**PROBLEM STATEMENT**
Your task is to copy the listing exactly. Drop any pictures from the copy.

**DATA EXCERPT**
□ □ □ □

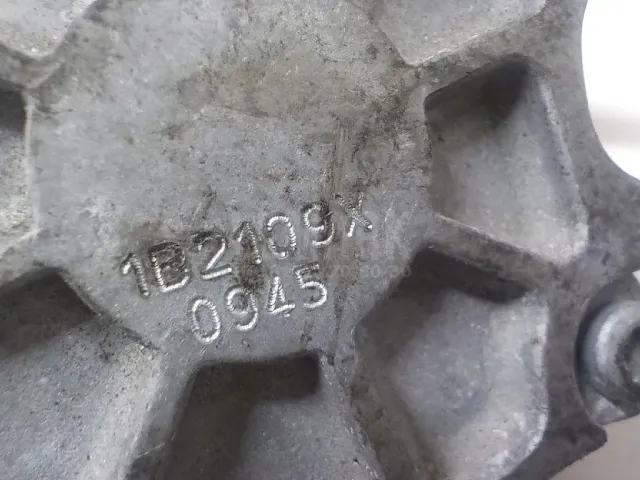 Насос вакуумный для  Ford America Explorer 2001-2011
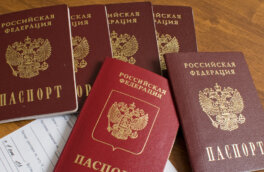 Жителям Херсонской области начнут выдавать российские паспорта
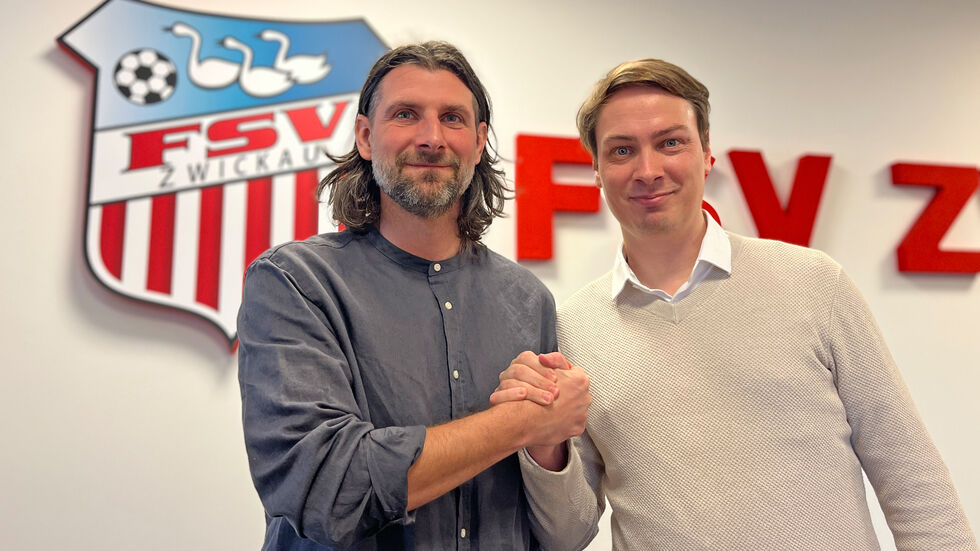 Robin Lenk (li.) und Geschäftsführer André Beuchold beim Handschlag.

□ □ □ □

**SOLVED PROBLEM**
 Насос вакуумный для  Ford America Explorer 2001-2011
 Жителям Херсонской области начнут выдавать российские паспорта
 Robin Lenk (li.) und Geschäftsführer André Beuchold beim Handschlag.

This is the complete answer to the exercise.